Last week, Sawant accused Durkan of retaliating against SHARE for opposing the nomination of Jason Johnson as director of the Human Services Department by ending the organization’s city contract early, in June, with further funding contingent on improved performance. (This is what Sawant was characterizing as a “threaten[ed] closure.”) Specifically, SHARE supported a Sawant resolution (which failed today) that would have blocked Johnson’s nomination and established a new process, led by a committee including HSD employees and service providers who receive HSD contracts, to find a director.

God forbid we talk to each other and try to make something good, something better, something that doesn’t violate our charter or our responsibilities.

Herbold, a longtime SHARE supporter, said, “There is no planned closure of SHARE shelters in June,. It is true that they have been given only a half-year contract and [HSD has] identified specific  areas of desired improvement.” But, she reiterated, “There is no proposal for SHARE shelters to close in June.”

SHARE’s basic shelters, which provide high-barrier, nighttime-only shelter to about 200 people every night, failed to qualify for any funding last year under the city’s new performance standards, which require programs to demonstrate progress toward moving people in to permanent housing. Nonetheless, the council and mayor agreed to fund its shelters on a temporary basis through this year.

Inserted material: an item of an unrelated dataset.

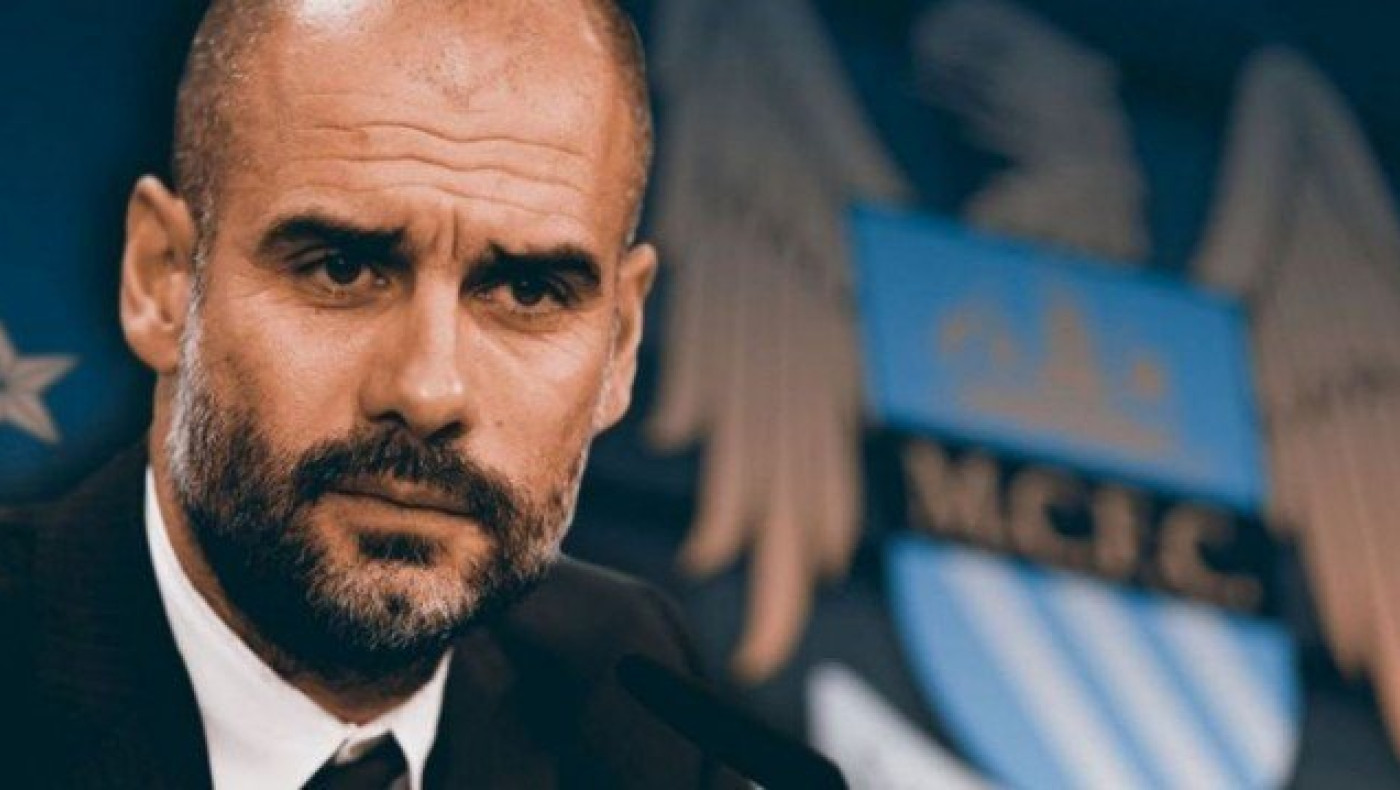 Οι πιθανές μεταγραφικές «βόμβες» στην επίθεση της  Σίτι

Last week, the city’s Human Services Department announced in a memo that funding for SHARE’s shelters after June would depend on whether the organization continued to improve its data collection practices, which “directly impact the ability of the SHARE/WHEEL shelters to serve the most vulnerable population.” Herbold called the memo “a sincere statement on behalf of HSD, not that they are intending to end provision of this service in June, but rather that they are trying to work… to improve the number of people who are participating in the HMIS system.”

Sawant is holding a special meeting of the city’s special committee on homelessness to discuss SHARE funding next Tuesday, in lieu of her regularly canceled human services committee meeting. Sawant has not held a regular committee meeting since last September. She does have another “community speak-out”/”special committee meeting” scheduled for Saturday, March 16, to rally supporters against the demolition of the Chateau Apartments, a 21-unit Section 8 apartment complex in the Central District.

3. Sawant’s resolution to reject Johnson and start a new process may have failed (council member Lisa Herbold said she might have felt “differently” if “council member Sawant had made her expectations known [to Mayor Durkan] prior to the nomination process”), but council member Teresa Mosqueda, who voted with Sawant, has proposed a kind of alternative: A resolution outlining the steps that mayors must follow for department director nominations in the future.

The resolution requires the mayor to describe the process she wants to use to make an appointment in advance, including any advisory groups she wants to appoint; gives the council authority to review the appointment process prior to any nomination, using on a list of criteria that focuses on inclusion and race and social justice; and lays out evaluation criteria for the council to use in the future.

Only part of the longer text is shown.